How do you assemble your selection of 16 projects for the Co-Pro Pitching Sessions, in terms of their countries of origin?
We set ourselves the task of ensuring a certain level of geographical diversity, because we receive projects from all over the place and we have buyers from all over the place. But it’s true that certain countries, especially European ones, send us more projects, France first and foremost of course, because we’re based in France, but also the UK, Germany, Italy, and Spain which is experiencing a real boom right now. We could have chosen more projects from these countries because there’s a lot of quality involved, and significant companies, but we insist on keeping a balance.

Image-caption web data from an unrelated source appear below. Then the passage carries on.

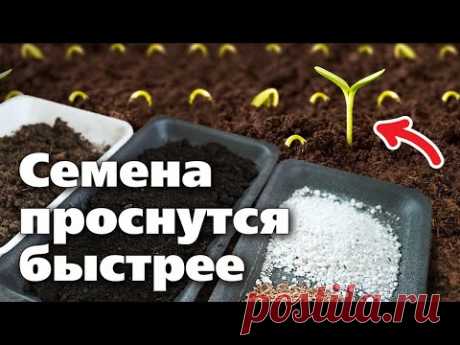 ДОБАВЬТЕ ЭТО В ГРУНТ ПЕРЕД ПОСЕВОМ СЕМЯН. Результат будет потрясающий!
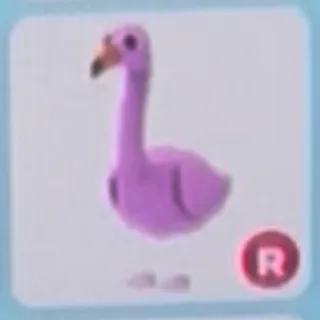 R Flamingo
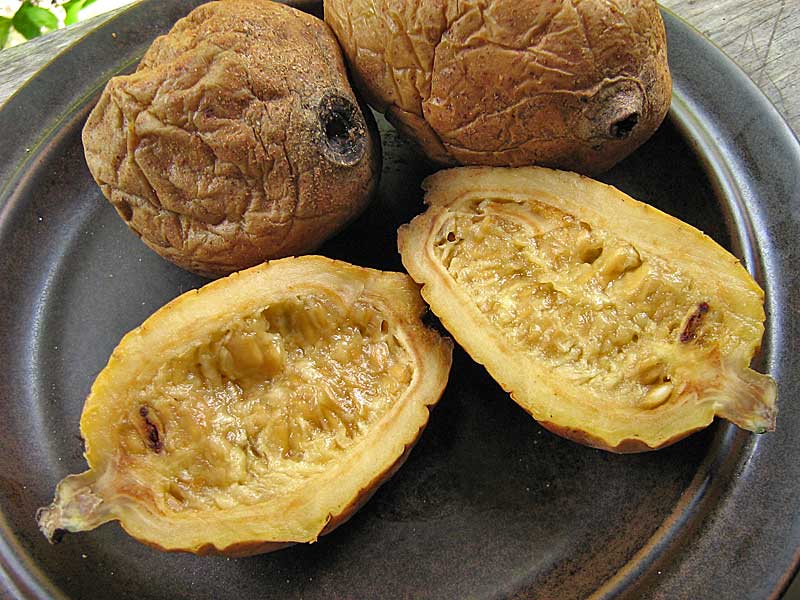 Huito o jagua, fruta de la selva peruana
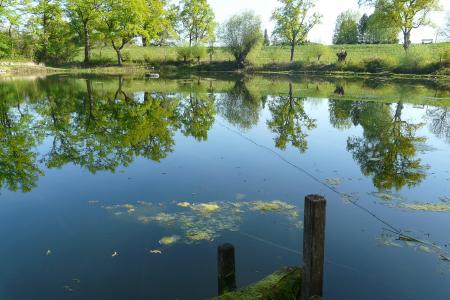池塘, 水的倒影, 田园, 镜像, 自然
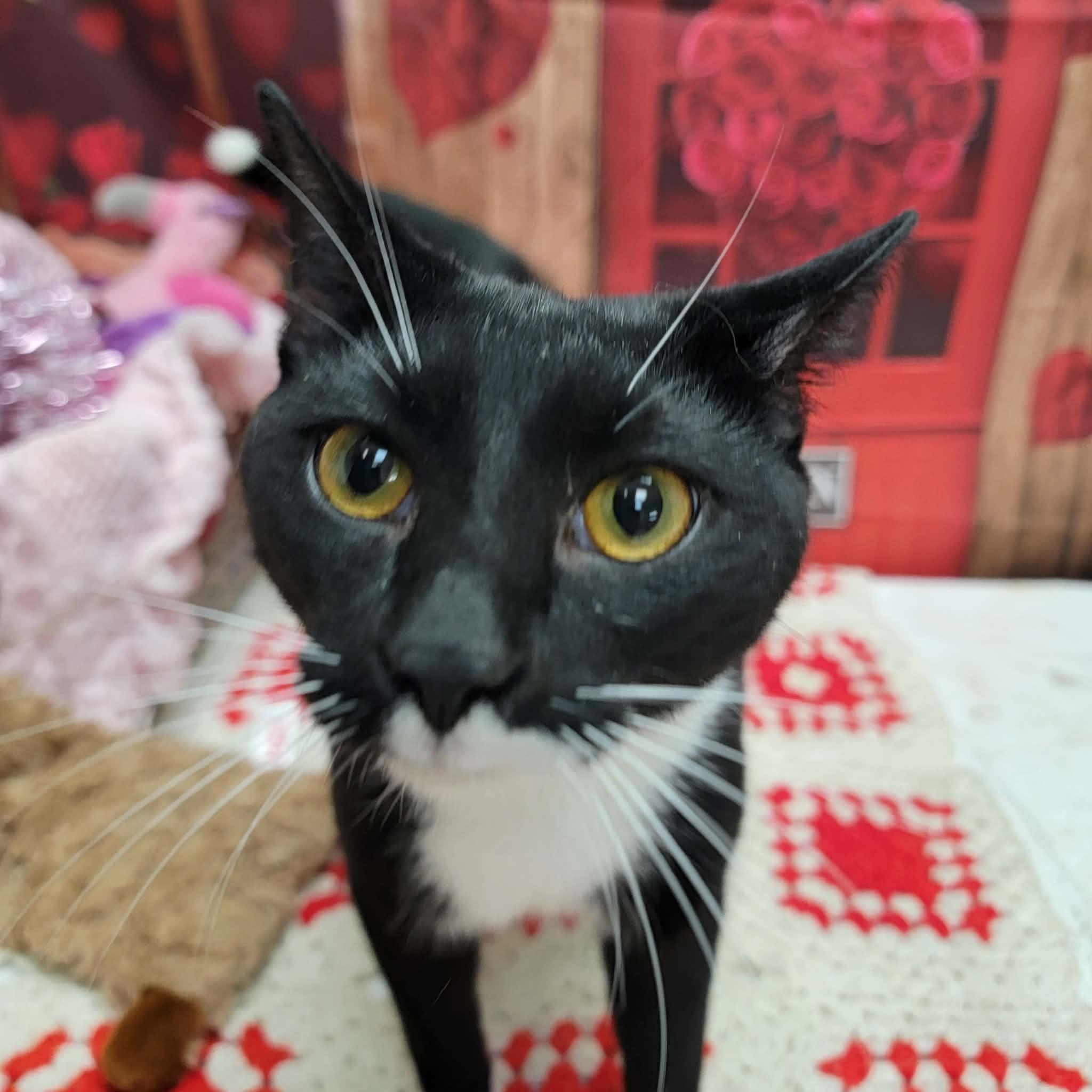 Marshmallow, a ADOPTABLE Domestic Short Hair in Statesboro, GA image 2/3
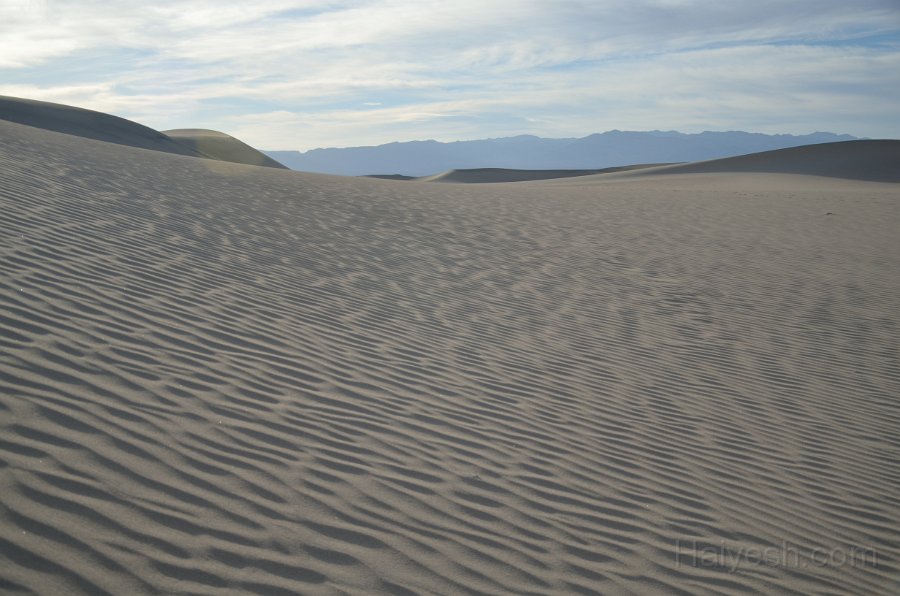 HJS_4812.JPG - Mesquite Sand Dunes at Dawn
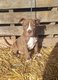 American bully xl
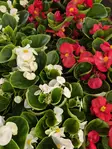 KESÄBEGONIA - Kesäkukat - 000752 - 1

We’ve got more European projects in the selection, which is in line with the history of the Forum which has been supported by MEDIA from its very early days. But we’re receiving more and more projects from outside of Europe, and we’ve got one South African and one Canadian project in the selection this year.
The press conference presenting the Series Mania Festival identified "a trend in global series production towards a certain standardisation of storytelling". Do you share this analysis?
It’s true that there’s a certain homogenisation taking place, no doubt linked to certain standards. Typically, police investigations tend to trap stories in a framework that we’re already familiar with. There’s a certain number of codes; we know that they work for audiences but they can sometimes hinder creativity: we try to stick to patterns, to reproduce them, and it’s a vicious circle, no doubt owing to challenges relating to audiences. So projects which go off the beaten path immediately stand out. Our role is also to highlight slightly more original offerings, without abandoning thrillers, because we like them.
What about young audiences? Have you noticed any changes in writing, in order to reach this audience segment more specifically?
Producers and authors know that broadcasters want to attract young people, and we’ve received a greater number of projects targeting youngsters and young adults: lots of coming-of-age stories, stories about teenagers discovering life, their sexuality, etc. It’s a trend because it’s a key factor: audiences of traditional linear channels are getting older, young people tend to consume content in other ways, online, via their phones. There’s a real desire to capture this highly volatile audience, and this is clear from the content we’re receiving.
The Series Mania Forum is also a rich space for reflecting on major industry issues, with its conferences, panel discussions, the Lille Dialogues, etc. What are the hot topics right now?
This year, we’ve prioritised a real focus on marketing series. There’s been an explosion in production; there’s a lot of competition right now and it’s difficult to stand out: setting yourself apart is incredibly important. Unfortunately, some series don’t have the notoriety they deserve because they get lost in the oversupply of works on offer. That’s why we speak to experts to find out the best techniques for standing out in these highly competitive markets, and we’ve also created a prize for an especially creative and innovative marketing campaign, which will be awarded during the Forum. There are also some more industrially themed discussions, relating, for example, to the protection of European intellectual property (IP), notably in the face of global platforms. We might also talk about the hybridisation of genres, for example; links between video games and series: the great success of The Last of Us on HBO and Amazon Prime Video showed us that the two worlds are growing closer and closer together, owing to the fact that serial narration lends itself well to video game re-transcription on account of its length and episodic nature, etc. And finally, with the Lille Dialogues - our slightly more strategic and institutional day - we’ll tackle other issues more closely linked to the future of the sector and the challenges yet to come; notably the question of ecological transition.